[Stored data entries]
- Opening Delimiter -

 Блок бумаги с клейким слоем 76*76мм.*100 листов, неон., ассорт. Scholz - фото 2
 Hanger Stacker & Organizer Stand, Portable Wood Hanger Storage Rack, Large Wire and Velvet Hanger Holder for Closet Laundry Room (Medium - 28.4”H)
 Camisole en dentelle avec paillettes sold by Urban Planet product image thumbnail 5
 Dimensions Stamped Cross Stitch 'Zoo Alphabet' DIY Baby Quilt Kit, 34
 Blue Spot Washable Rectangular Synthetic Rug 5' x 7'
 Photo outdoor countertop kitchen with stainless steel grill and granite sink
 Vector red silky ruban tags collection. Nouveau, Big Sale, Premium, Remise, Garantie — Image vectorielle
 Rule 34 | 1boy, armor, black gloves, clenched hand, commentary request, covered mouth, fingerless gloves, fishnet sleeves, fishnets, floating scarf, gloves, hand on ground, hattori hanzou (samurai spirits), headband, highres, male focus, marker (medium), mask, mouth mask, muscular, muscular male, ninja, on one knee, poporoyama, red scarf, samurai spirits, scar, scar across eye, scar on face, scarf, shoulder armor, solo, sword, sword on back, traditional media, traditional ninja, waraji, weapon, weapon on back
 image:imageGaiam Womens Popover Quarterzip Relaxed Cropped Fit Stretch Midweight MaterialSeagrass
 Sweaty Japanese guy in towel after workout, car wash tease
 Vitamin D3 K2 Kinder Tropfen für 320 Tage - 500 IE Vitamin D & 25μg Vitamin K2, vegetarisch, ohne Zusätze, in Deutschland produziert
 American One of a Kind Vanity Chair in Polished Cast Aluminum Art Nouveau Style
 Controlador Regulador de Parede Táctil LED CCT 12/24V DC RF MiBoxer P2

- Closing Delimiter -

**Exercise brief**
Could you give again exactly the lines from the line containing "American One of" through the final line of the data above, and no others?

**Solved exercise**
 American One of a Kind Vanity Chair in Polished Cast Aluminum Art Nouveau Style
 Controlador Regulador de Parede Táctil LED CCT 12/24V DC RF MiBoxer P2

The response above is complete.